As much as I like to think that splunk is magic, splunk has no such feature to re-calculate from raw data if the search doesn't run on raw data.
If you do an hourly summary with p95(value) in it, a daily summary on those hourly summaries is the 95th percentile of your 24 data points per day. Maybe you can do a p95(value) at the end of each day for that day? Because with min, max (and avg without wheights), the summaries should be okay to use in subsequent summaries. I'm not sure what it's called, but I think there is a mathematical word for this "stability" over multiple iterations... if anyone knows, feel free to comment.
Anyhow, min/max are okay but percentiles will differ. How much this deviates from the "actual" value is not easily predictable - take this example:
index=_internal earliest=-1h latest=now kbps="*"

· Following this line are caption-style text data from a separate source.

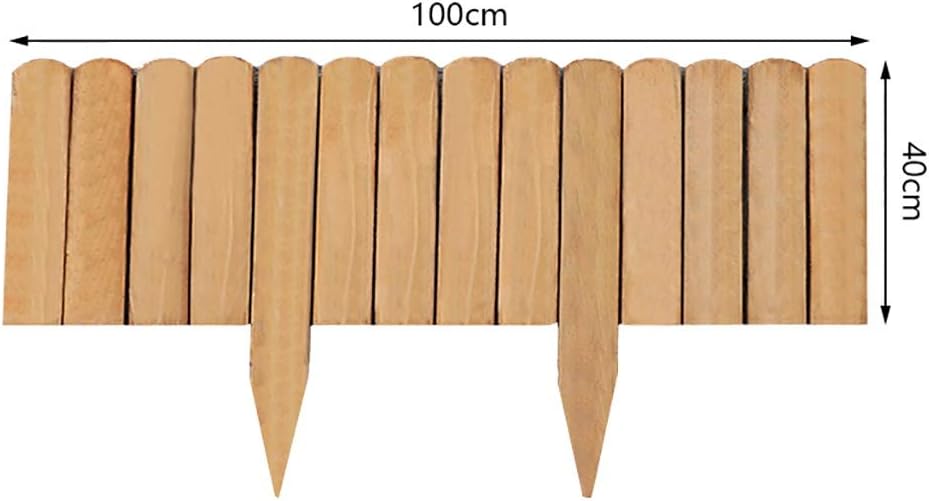 Solid Wood Garden Fence Insert The Lawn Edge Decoration Indoor/Outdoor Plant/Flower Protection Wood Color (Size : 100x40cm)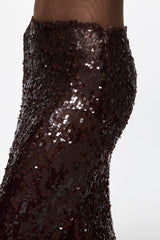 BROWN sequined maxi skirt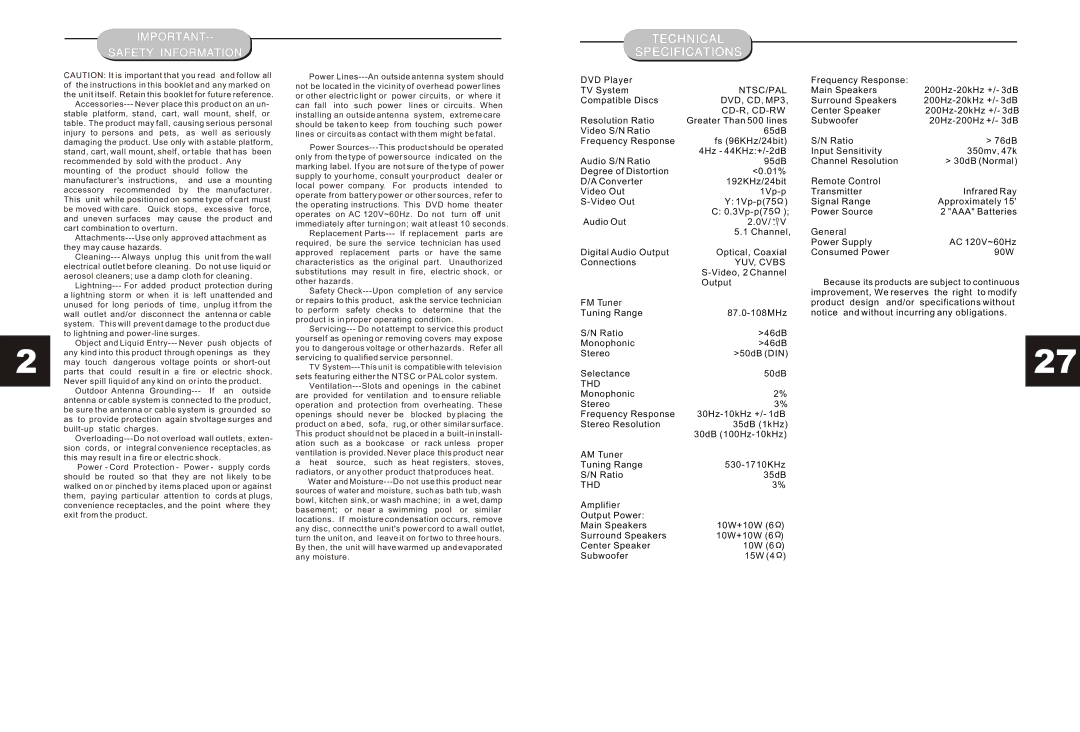 Astar electronic HT-3300A manual Technical Specifications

| bucket span=1m _time as time_buckets_minutes | bucket span=10m _time as time_buckets_10m
| eventstats p70(kbps) as p70_minute by time_buckets_minutes | eventstats p70(kbps) as p70_10m by time_buckets_10m | eventstats p70(p70_minute) as p70_10m_from_p70_minute by time_buckets_10m
| table _time time_buckets_* bytes p70_* | fieldformat time_buckets_minutes=strftime(time_buckets_minutes, "%F %T") | fieldformat time_buckets_10m=strftime(time_buckets_10m, "%F %T")

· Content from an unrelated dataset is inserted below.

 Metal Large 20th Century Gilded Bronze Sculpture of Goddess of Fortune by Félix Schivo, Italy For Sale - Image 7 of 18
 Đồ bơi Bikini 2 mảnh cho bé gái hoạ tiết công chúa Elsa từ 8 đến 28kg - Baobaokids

It shows the raw sample data (_time, kbps), two bucket time spans to simulate your summary ranges (one is each minute, one is ten minutes) and then the 70th percentile of kbps per minute (p70_minute), per 10 minutes (p70_10m) and one per 10 minutes which is based on the p70_minute (p70_10m_from_p70_minute) (I chose he 70th percentile for the sake of easier comprehension). If you compare p70_10m with p70_10m_from_p70_minute, you'll see the differences. If you append
| eval diff=abs(p70_10m-p70_10m_from_p70_minute) | stats avg(kbps) p10(diff) p90(diff) avg(diff)

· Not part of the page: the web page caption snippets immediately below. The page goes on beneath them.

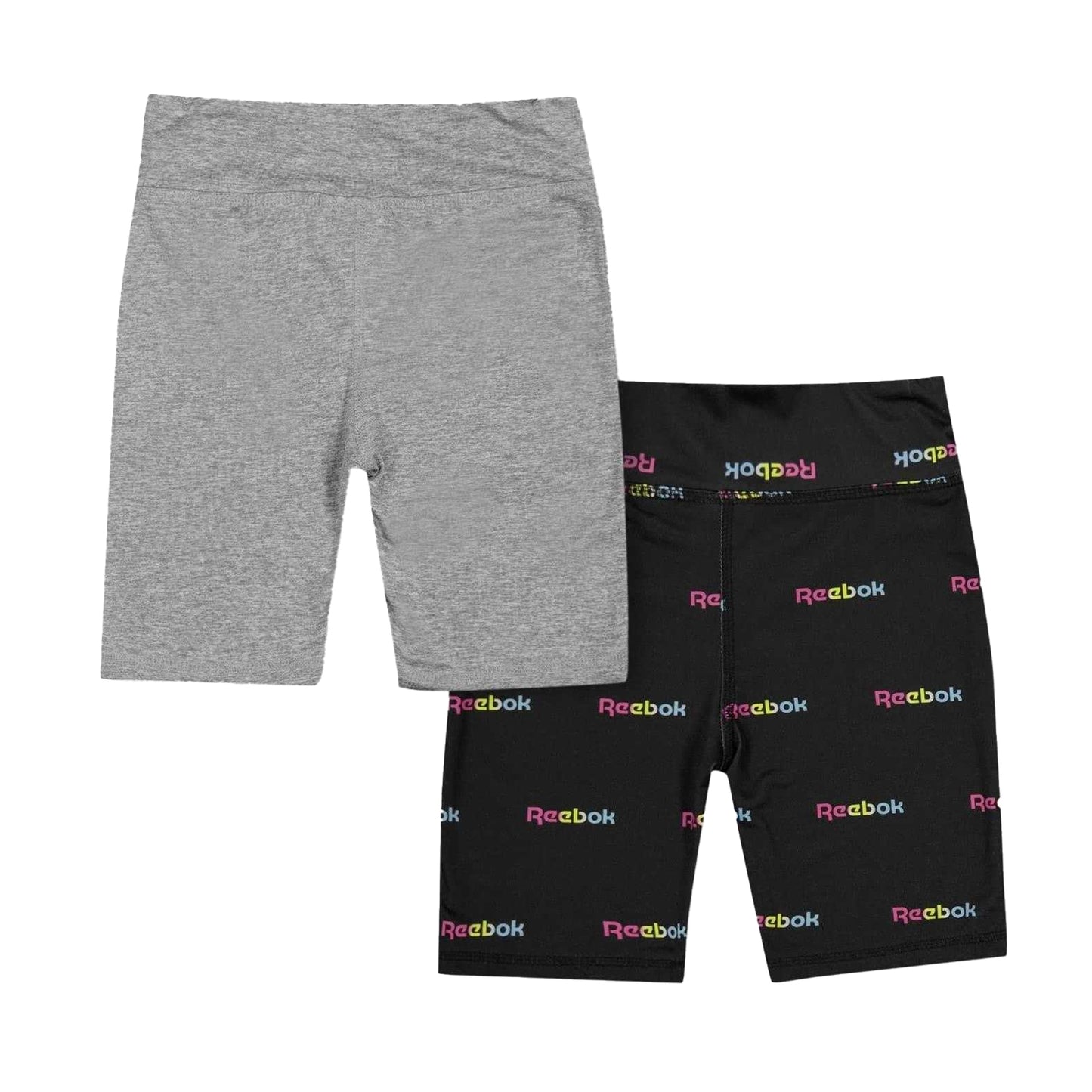 Black - Back - Reebok Girls All Over Logo Slim Shorts (Pack of 2)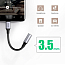 Переходник Type-C - 3,5 мм (папа - мама) 10 см Ugreen AV161 черный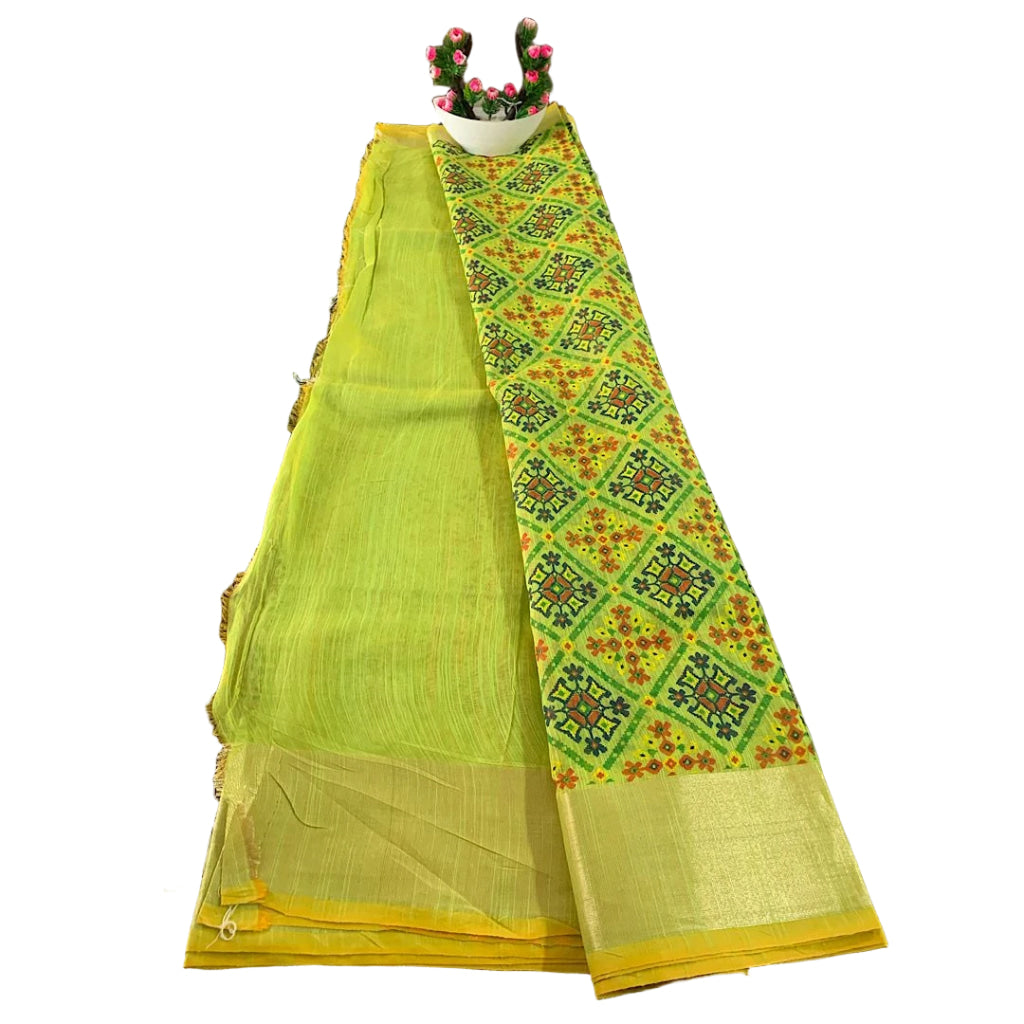 Floral Print Linen Patola Ikat Saree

to the above search, you get some statistics about the differences - but this may be deceiving, because this will vary depending on the raw data.
I'd suggest doing a summary over the whole day's raw data after each day to calculate that day's percentiles.
Yeah, I kind of figured there wasn't any magic. We have the same problem with average, that we're calculating an average of averages, but I knew about that one. I don't think running any daily search over the raw data will fly, but I'll see if people are okay with the reduced accuracy of the p* values over the hourly data. Thanks.